Problem to solve: Print the records below exactly as they appear. Omit all pictures.

Provided material:
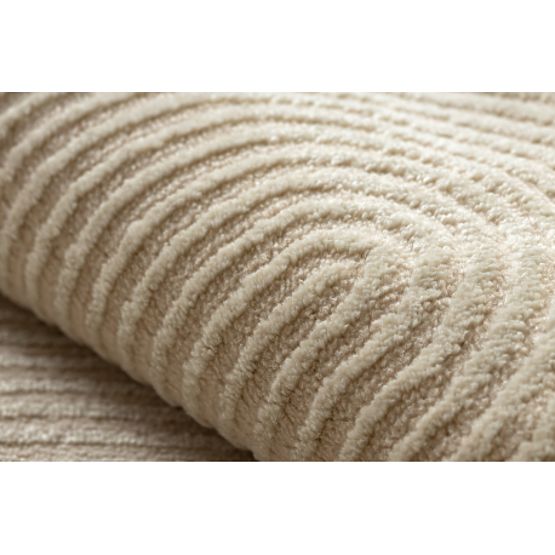 Covor BALANCE 0194 taupe - Geometric, structural, glamour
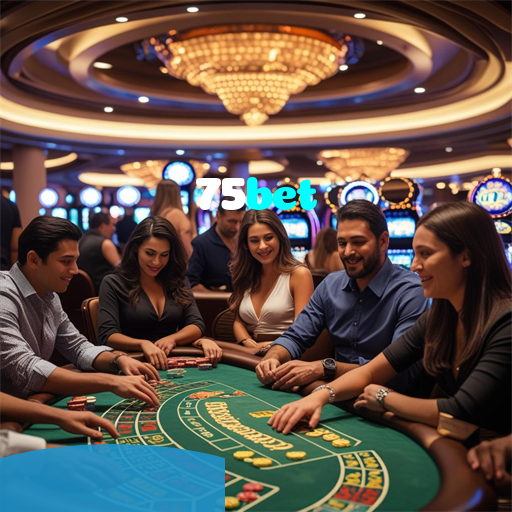 75bet visual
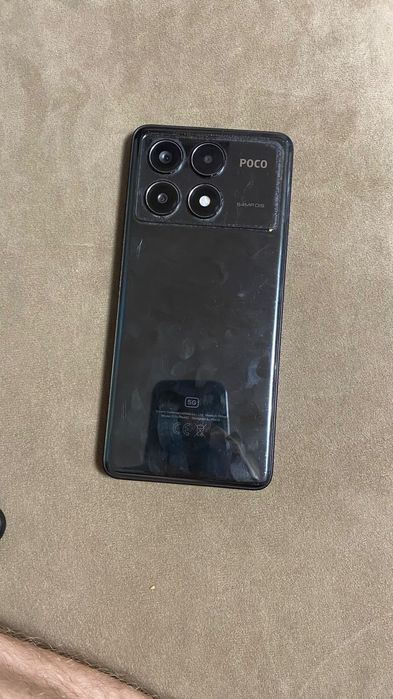 Poco X6 Pro 256/16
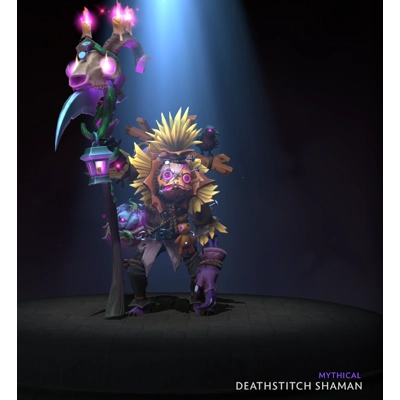 Deathstitch Shaman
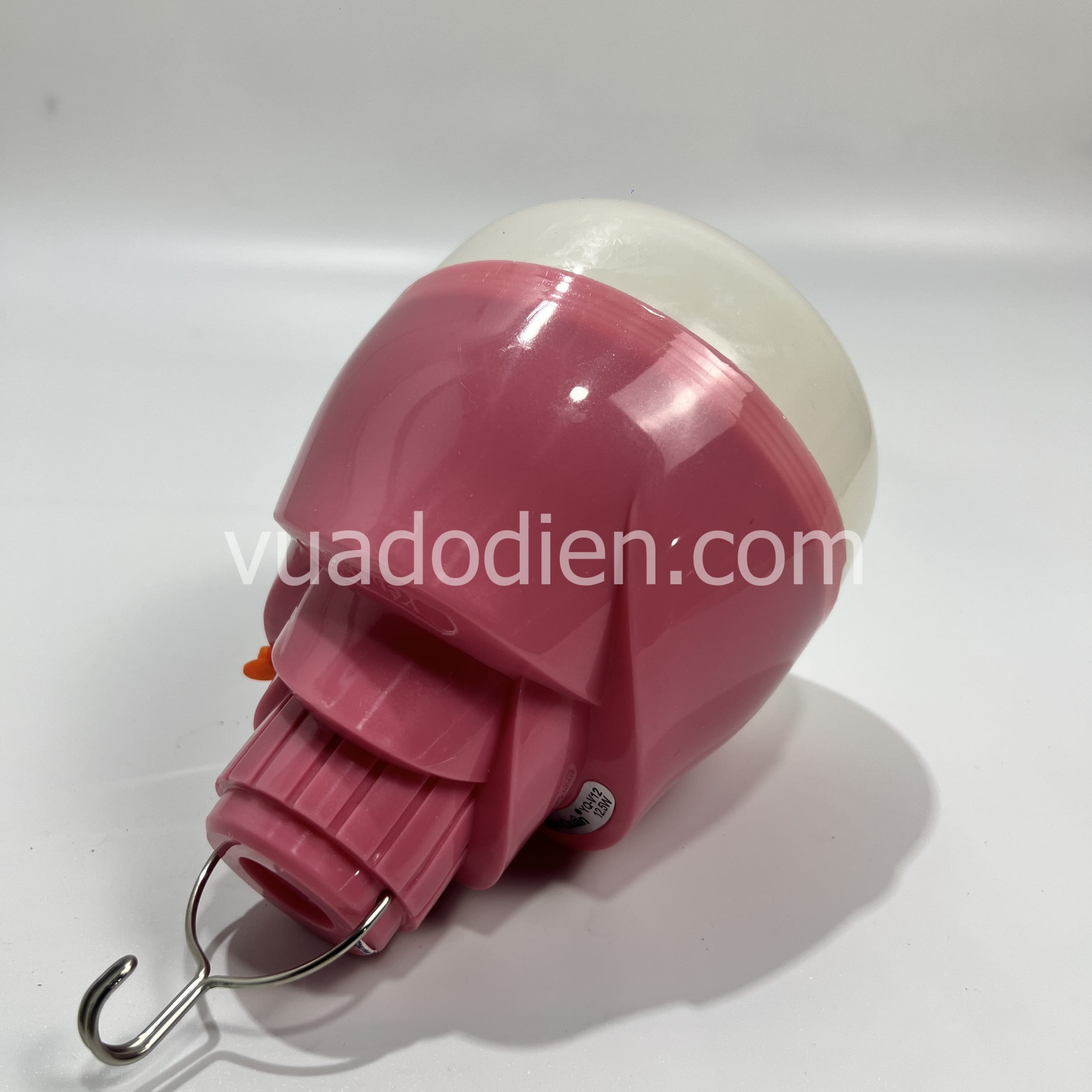 Đèn tích điện siêu sáng YQ – V12 công suất 125W 2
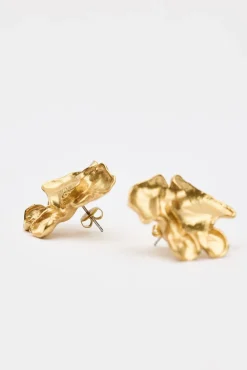 GAIA Earring Gold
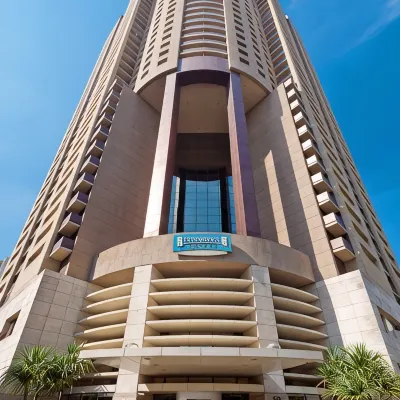 Staybridge Suites SAO PAULO by IHG Hotels near برج إنفينيتي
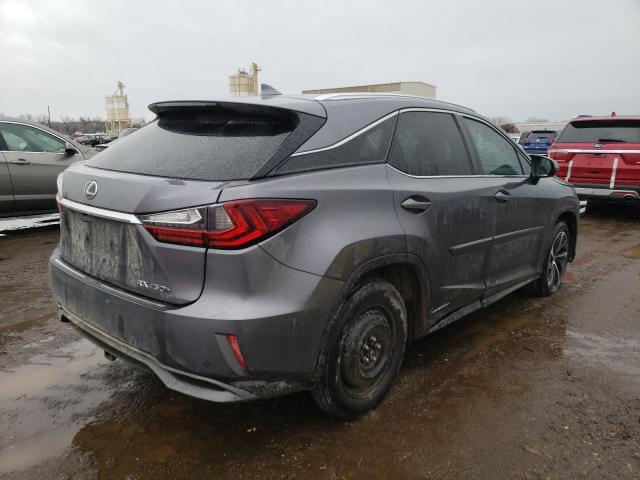 Photo 3 from auction – 2017 LEXUS RX 450H BA with VIN 2T2BGMCA2HC018898
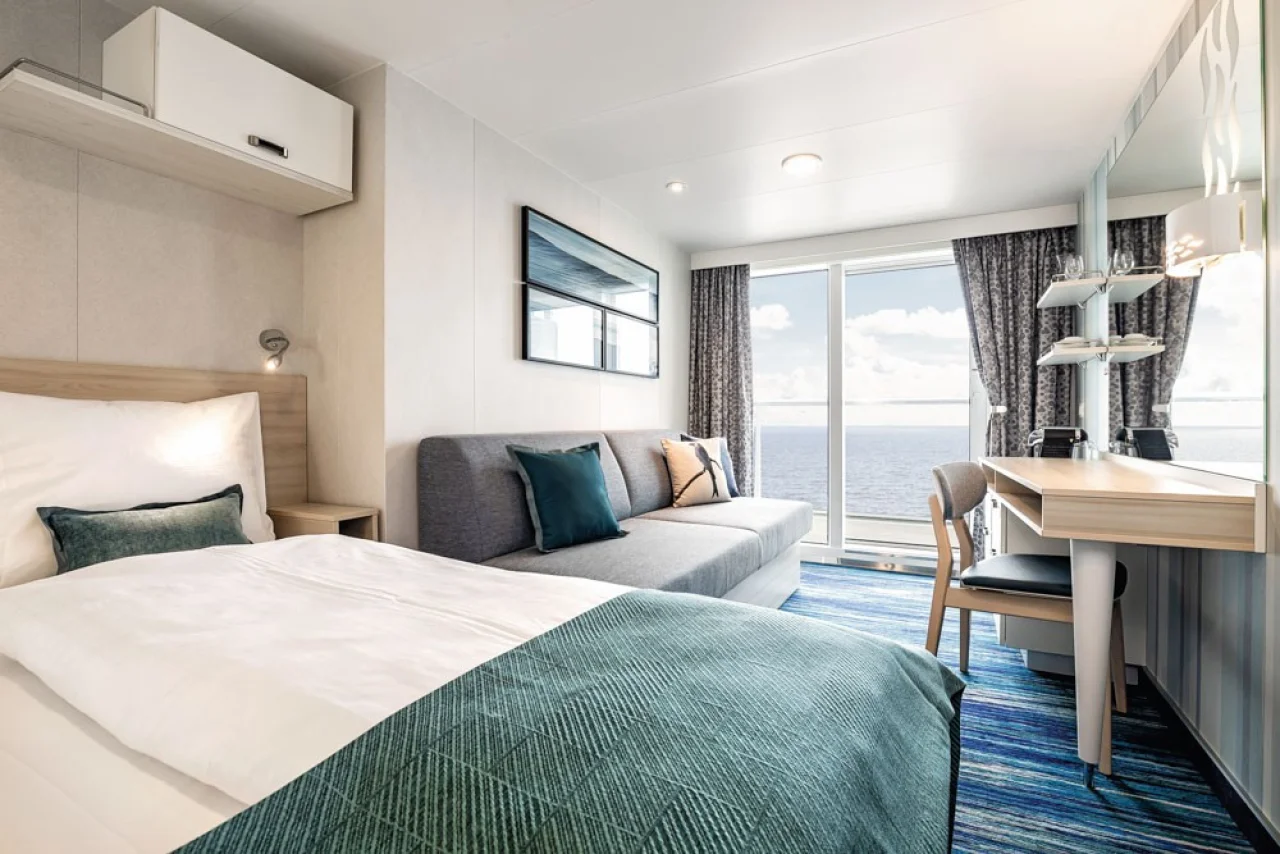 Kabinenkategorie Balkonkabine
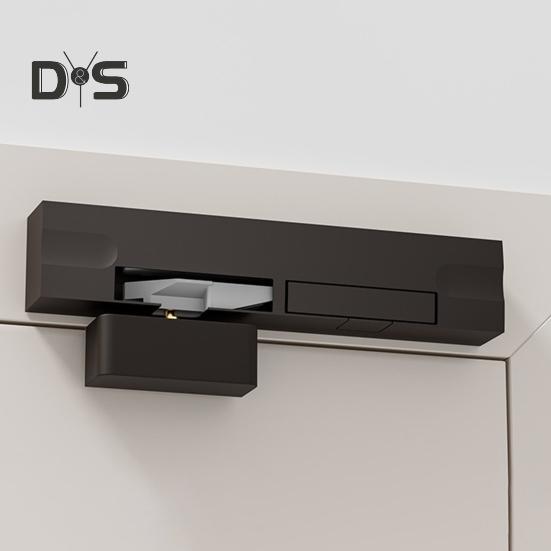 Automatyczny samozamykacz do drzwi bramowych W pełni regulowany Mocny, nośny, uniwersalny, prosty montaż Akcesoria do samozamykaczy do drzwi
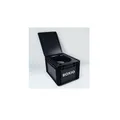 BOXIO-TOILET Trockentrenntoilette, schwarz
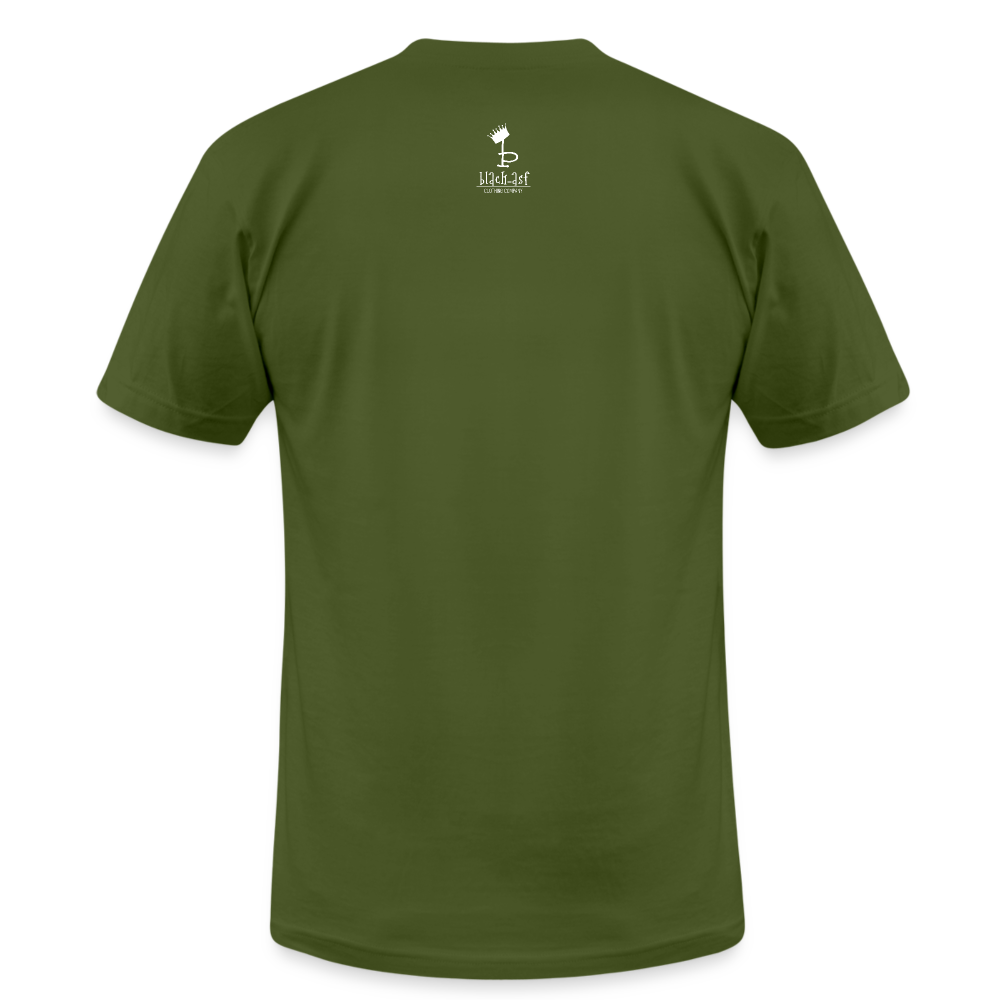 Marcus Garvey Tee - olive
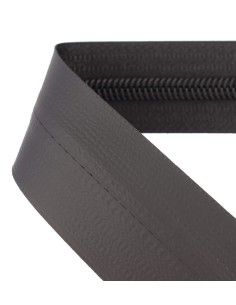 Cremallera separador nylon malla 5 mm waterproof con doble cursor invertido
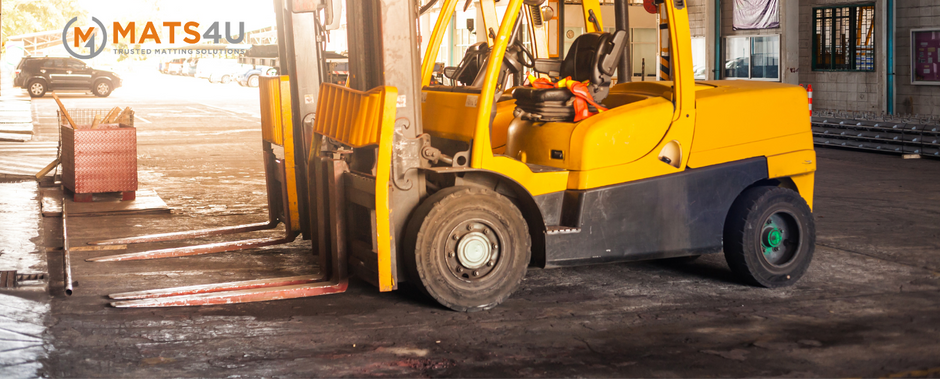 forklift floor mats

Final answer:
 Covor BALANCE 0194 taupe - Geometric, structural, glamour
 75bet visual
 Poco X6 Pro 256/16
 Deathstitch Shaman
 Đèn tích điện siêu sáng YQ – V12 công suất 125W 2
 GAIA Earring Gold
 Staybridge Suites SAO PAULO by IHG Hotels near برج إنفينيتي
 Photo 3 from auction – 2017 LEXUS RX 450H BA with VIN 2T2BGMCA2HC018898
 Kabinenkategorie Balkonkabine
 Automatyczny samozamykacz do drzwi bramowych W pełni regulowany Mocny, nośny, uniwersalny, prosty montaż Akcesoria do samozamykaczy do drzwi
 BOXIO-TOILET Trockentrenntoilette, schwarz
 Marcus Garvey Tee - olive
 Cremallera separador nylon malla 5 mm waterproof con doble cursor invertido
 forklift floor mats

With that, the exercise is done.